Party Time book cover

When summer hits, think more “topless pool parties, bottomless depravity” than marriage

So you want to have a summer fling. I know most of you think you don’t need “rules” for summer love, but you do. Trust me. For a gay girl, not breaking out the U-Haul on the second date is totally counter-intuitive. I’m laying these out now because I know that come September, I’m going to be flooded with “Ask the Femme” emails that ask for advice on dealing with the girl that doesn’t text back anymore.

Why does this happen? Because a lot of people take on summer internships in different cities, or leave school to go back home for summer break or are simply taking advantage of the less busy season to date, but will disappear when their workload picks up again. Or maybe it’s as simple as summer time meaning party time.

Again, each situation is different and summer flings do have the potential to turn into more. Either way, it’s better to play this Cool Spice so you don’t get hurt or scare away your love interest.

Keep it light
Summer is not known as the season of introspection. In fact, it’s brain hibernation season. Think about it, most of us opt for fun beach reads instead of Tolstoy and shell out for summer blockbusters where “sh*t gets blow’d up.” So when you meet someone at a rooftop bar or a summer barbecue, don’t lead with serious conversation. Talk about the things that will keep a smile on your face and hers.

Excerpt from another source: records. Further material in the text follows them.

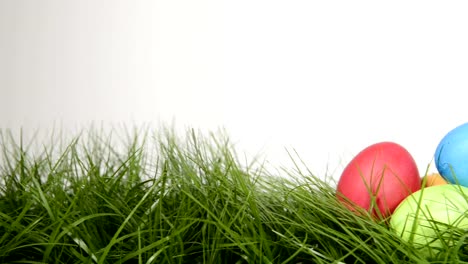 easter-eggs-in-grass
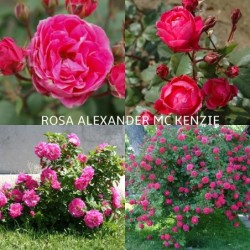 Rožė - Rosa Alexander Mc Kenzie savašaknė c3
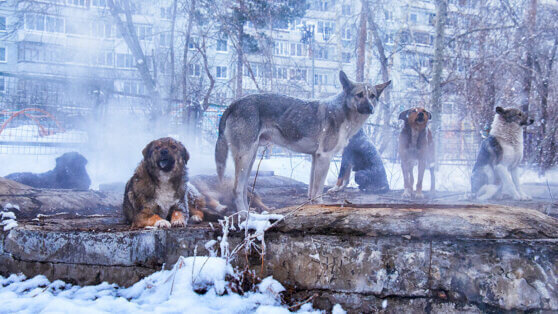    Стая собак напала на первоклассника на Чукотке Сергей Бунеев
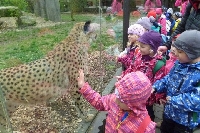 16_zoo_ms_29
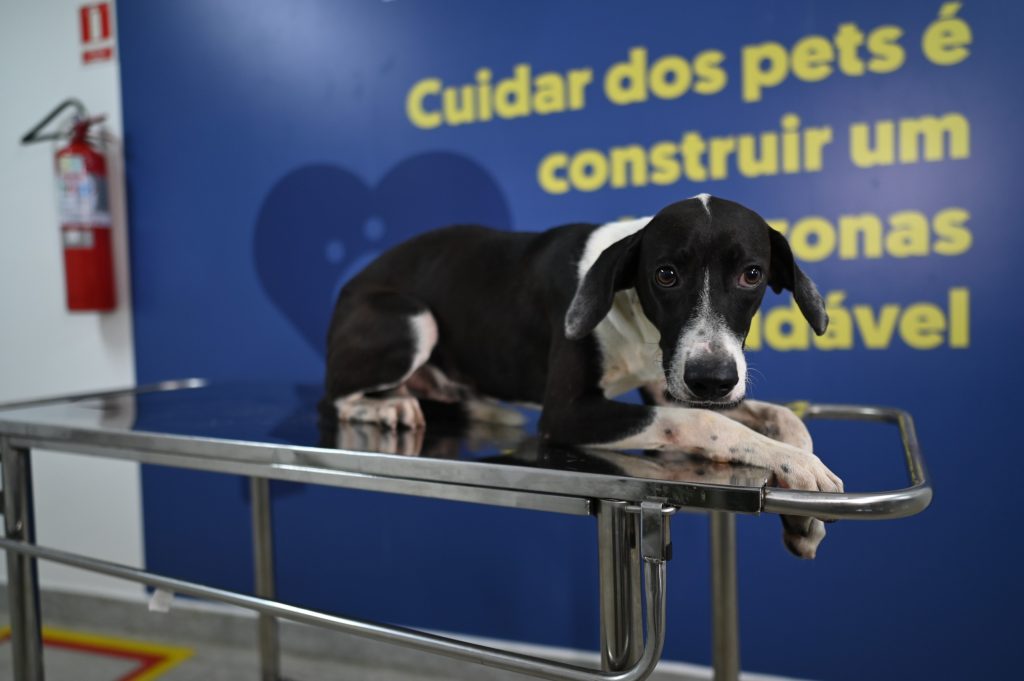 Foto: Divulgação/Sepet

Boobs belong in my hands meme

Like boobs! Who doesn’t love those?

Keep your expectations low
When you start talk to a girl, totally click and get the digits, it’s easy to let your brain automatically jump to the next step.

Girls with puppies

‘OMG! We both love dogs and we will walk ours together every morning and then do the crossword puzzle and sip Starbucks and this is ammmaazzzzinngggg!’

Stop. Right. There. A lot of the time, you don’t know if she’s just in your town for the summer. Or if you are the out-of-towner, you have no idea if the woman you just met is up for a long distance thang.

This rule might seem like common sense, but let me share a horrible Hot Femme story of dyke drama with you.

Kitten

Oh no! Not a horrible one!

Yes, a horrible one.

A long time ago, when I was single, I had a hot summer fling with a girl who was in town for the summer. Let’s call her Amanda. We went on awesome, inventive dates all over Brooklyn and I would stay over her place afterward…to um…play Scrabble and stuff.

I knew Amanda was going back to where she was from when the summer was over, so it was all good. One weekend she said she couldn’t hang out because her dad was in town. Then I got a myspace message (yup, I had that) from her roommate telling me that Amanda’s dad was never in town, it was actually Amanda’s girlfriend.

My expectations were low, but they apparently weren’t low enough.

The moral of the story is some relationships aren’t meant to last forever, some are. Remember that meeting someone you like and getting to know them is valuable in itself. She doesn’t need to turn into your girlfriend for it to be a great experience for you both. And if it does work out? Then you can jump for joy because you totally didn’t see that one coming.

Girl falling

She likes me! She really likes me!

Keep it low maintenance
This is by far the easiest rule. Find a make-up regimen that won’t melt off and make you look like a rodeo clown in the heat. Keep anything you need to “touch-up” in your bag with you. I recommend a tinted moisturizer with SPF 15, a small compact with loose powder, eyeliner, a moisturizing lip gloss that also contains SPF 15 and blotting papers.

Wear clothes that are comfortable and loose and if they can’t be loose, at least try to make sure they are cotton. Sweat stains are not sexy. Same goes for shoes, wear footgear that you can walk in and that won’t give you blisters if you sweat and have some extra friction. Limping down the boardwalk? Not sexy.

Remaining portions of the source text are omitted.